Pure Glory
For the past year or so, I’ve been struggling a lot with just wanting to experience God more, to go deeper and deeper in God — Looking back onto first year and just having his Spirit fill me and brim over in me… stepping onto campus each day — going to prayer meetings, just seeking God each day in my quiet times; being floored by His every near, ever close, ever intimate presence; communing with the Holy Spirit — to just rest and soak in His presence… each day a new ‘adventure’ a new opportunity to trust in His promises, to listen to His call and jump full in without a shadow of doubt — that His love endures forever.. Just an amazing experience & discovery of who the Lord is, and how real He truly is!
And this year — most of it has been God withdrawing much of His presence letting me trek through the times feeling alone, persevering and Him building a lot of Character while I silently hold onto not so much what he has said — because he seems silent, but who He is– His very character that he showed Himself to be… my quiet times with Him have well… been for the most part quiet, and I’ve felt many times this year that He’s just soo far away, so many hours just waiting upon the Lord, meditating on the word… and coming out feeling flustered, frustrated like “argh!! God! where the heck are you!!” day going to day — seemingly w/o revelation, without breakthrough just this grudging mist of waiting…
Add in all the philosophies, psychologies, and religion stuff from school, He has felt so far away… and my heart yearns and yearns just for God to be real in my life again; not some psychological phenomenon, not some novel idea, or some random social concept — but God, Father, Son, and Holy Spirit to again abide in the vine, to have those wells of living water spring up and flood forth to every area of my life… and just coming away from my time with God so often with dryness… everything felt kinda bleh & frustrating.. lots of doubts–
And I remember a few weeks ago during prayer meeting, my dear brother Dennis encouraged me from Ephesians 3, to not go about all of it alone — but together with all the saints — to comprehend the width, depths, length and heights of God’s love for us..
And I feel like lately — that is totally something thats starting to be a huge lack in my life. CCF for this year has ended, There is still Jaffray/Aletheia, but the community there seems distant. It feels like, and really to be honest has felt like for the longest of time… like a chill out place; I’ve voiced enough complaints already last year — so i won’t add to my whining;
But I just feel like there’s a lack of true community & support… and often times I wonder whether I should just go… Don’t get me wrong, I love my church, and many of my closest friends are there — but I just feel that everyone is so distant, maybe we’ve moved on in our life stages (i know i’m really busy) but its like there’s really not much that pours in to me… Yah, God speaks regardless of the people, regardless of the problems etc.. and Yah, God can use my discontent, and emptyness to change the environment and everything, but fact is He’s called me to CCF this coming year, so my focus is rather to withdraw from aletheia & focus on the few things that He has committed to me: my relationship with Him, my girlfriend, CCF, academics, and individual ministry at York.
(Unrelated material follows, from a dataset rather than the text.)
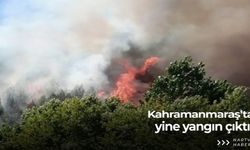 Kahramanmaraş'ta yine orman yangını!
So like, if my focus is going to be on campus & CCF; then changing and voicing out my opinion like these past 2 years about Aletheia isn’t going to help because its off focus already.. then if its not for me to change, then it begs the question of why am i even there? I really wonder sometimes… especially cause we don’t seem to really pray or do anything that really seeks God’s heart — everything seems pretty chill, and do whats fun or whatever; This affected me some because in midst of my valley storm; it felt like all that other stuff that real genuine powerful life with Christ is some ‘mystical’ experience far off that i somehow dreamt up last year? Cause well y’know here i am pouring out everything, but no one seems to see any relevence or whatever.. Rather frustrating..
But yah.. This weekend got to go to TACF w/ Mavis — Fresh Winds Conference night session + Dundas Square evangelism thing; was just massively encouraged, reminding me how down to earth, how real God truly is — unlike all that counterfeit stuff i learn at school, but Christ is alive, and His Spirit dwells here and is at work within us (: The prophetic words this afternoon were really encouraging & just confirming a lot of what I sort of knew but wasn’t particularly share of;
mmm.. I wonder where God wants me to go? contemplating the idea of checking out a cell at TACF or something… still praying about it; Just really need a community of Christians who are like minded, all in one accord to seek God’s heart.
+ Something I heard in one of Mike Bickle’s sermons that really hit me, these past few days: In order for a Christian to sustain the intimacy one experiences, He/She must continue to take ground. Keeping the same ground does not grow our faith at all.